Our expanded version of the VA workflow ontology shown in Fig. 1 (B) attempts to reduce, if not eliminate, this ambiguity. The figure shows the two temporal relationships as the light-red and gray diamond arrows. In contrast, the atemporal relationships are the red and black dotted arrows. A parallel mathematical formalization of the same ontology is discussed in the supplementary material.

Therefore, although the basic architecture of VAKG follows existing research, it also attempts to solve existing temporal versus atemporal issues. Even though analysis of the temporal aspect of VA, such as knowledge gathering or data provenance, is at the center of VAKG's goals, the ontology so far does not fully depict a timeline of events separate from a timeless ontology of possible events (G1). For this and for VAKG to also allow for analytical tasks to be done (G2), we propose that the design of VAKG follows existing research on Knowledge Graph (KG) .

A KG is a graph structure where knowledge reasoning is modeled as connections between classes or properties, such as "George Washington is a human" and "Canada is a country". A Temporal Knowledge Graph (TKG), however, models these connections as the temporal relationship between the classes or properties. Many different types of TKGs exist. For each, this temporal connection has a different meaning. For instance, the most used version of TKGs uses time as the connection, where two connected nodes represent two events that co-occurred. An example of such a KG would be all purchases done between different businesses within a supply chain, where the product "Mayonese" may have been bought by a store "Wallmart" from the seller "Hellmann's" on "25/06". In this TKG, the connection between the three nodes: Wallmart, Hellmann's, and Mayonnaise, would be "25/06". To design such structures, one must use Web Ontology Language (OWL) or a similar ontology language [12] . By designing VAKG's ontology with KGs and TKGs in mind, we enable easier ways for both temporal and atemporal visualization and analysis to be done with VAKG through existing works [8, 13, 23, 24, 49] .

VAKG is arguably more complex than the KG examples given so far. When also considering the four different aspects listed within G1, we describe VAKG as a 4-lane KG, with one lane for each of the four aspects of G1. However, our ontology of Fig. 1(B) does not match this expectation. For that, we create a new ontology by enhancing the two temporal relationships into its own class which represents an Update process ( Fig. 1(C) ).

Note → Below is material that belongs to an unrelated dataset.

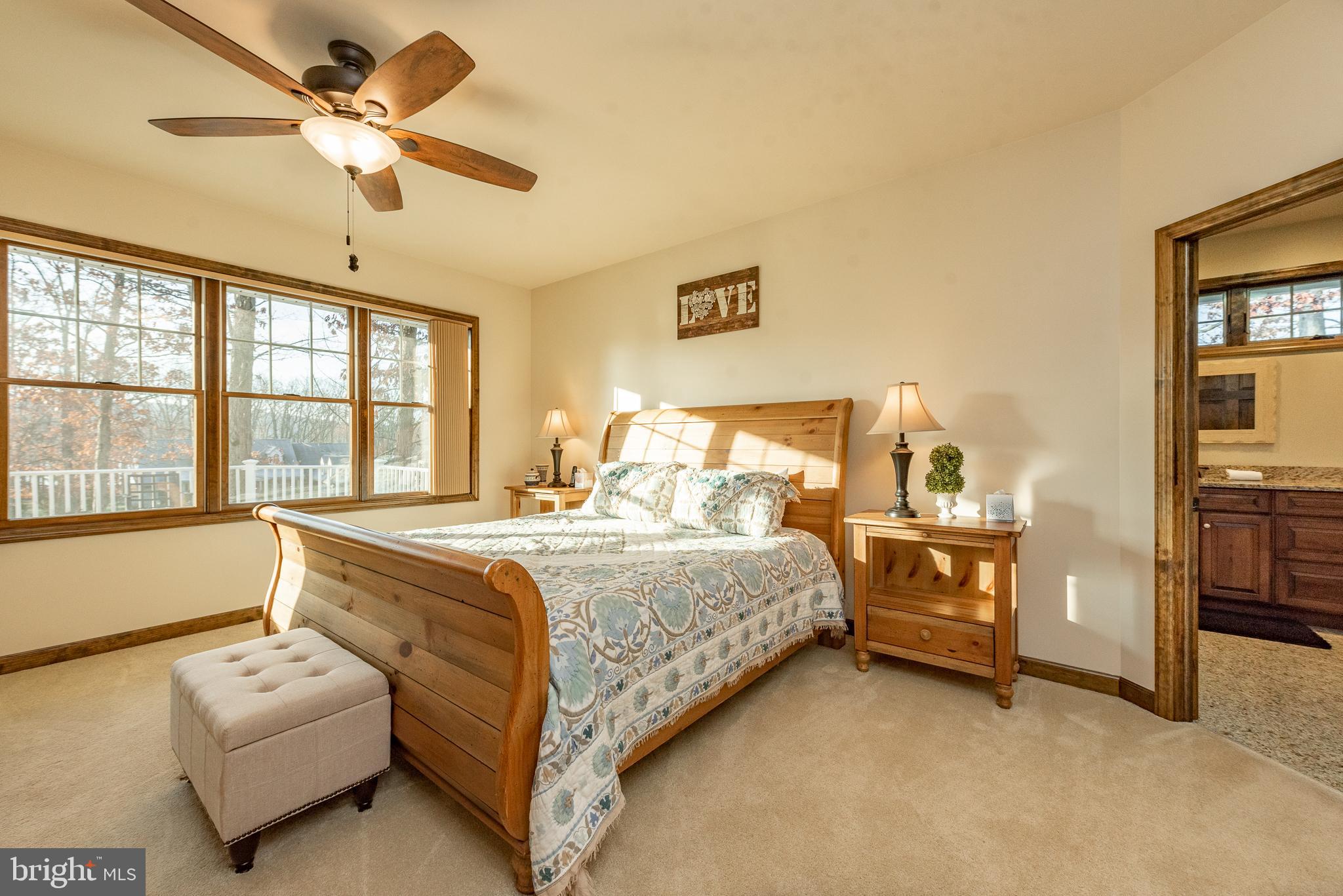 STILWATER - Residential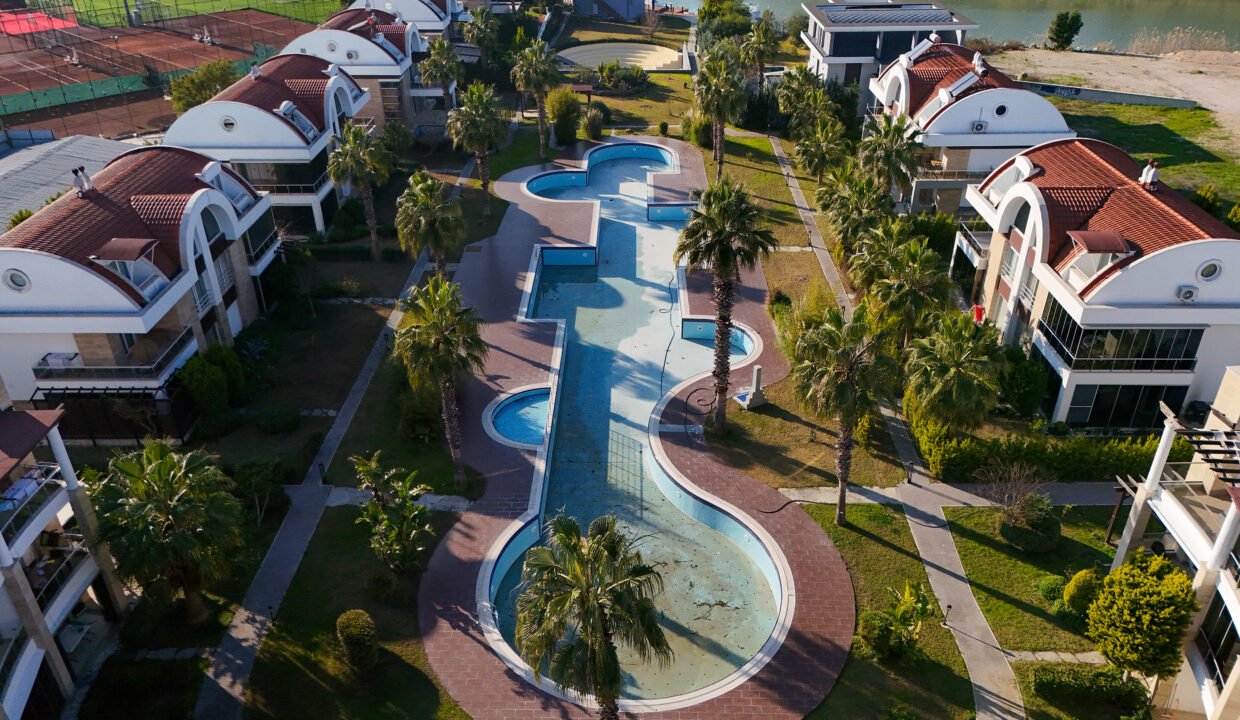 DJI_20250110143224_0013_D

We, therefore, modify the relationship between two States of the same type (e.g., Human-Human) to become a new class of type Update and, from this, three new relationships are created: does-State-Update, leads-Update-State, and follows-Update-Update, which forms the 4-lane TKG architecture of Fig. 1(C) . With this, the Human Update inherits the definition from insight-Human-Human, and the Computer Update inherits the one from update-Computer-Computer. A representation of how the classes relate to each other can be seen in Fig. 2 

So far, we have focused on the VAKG structure. Still, an integral part of our proposal is to record users executing a VA workflow and allow its usage for analysis (G2). While the usual way of thinking on ontology design is to focus on OWL classes and their relationships, with VAKG we are also utilizing OWL class properties, sometimes called data properties or, when used within the context of KGs, property-maps. This design pattern uses the idea that every class in OWL can contain inner properties with attached data. The property-map design patterns is, however, interchangeable with the design pattern of pure OWL classes and relationships [35] , which removes any potential limitation on interconnecting our design with other ontologies.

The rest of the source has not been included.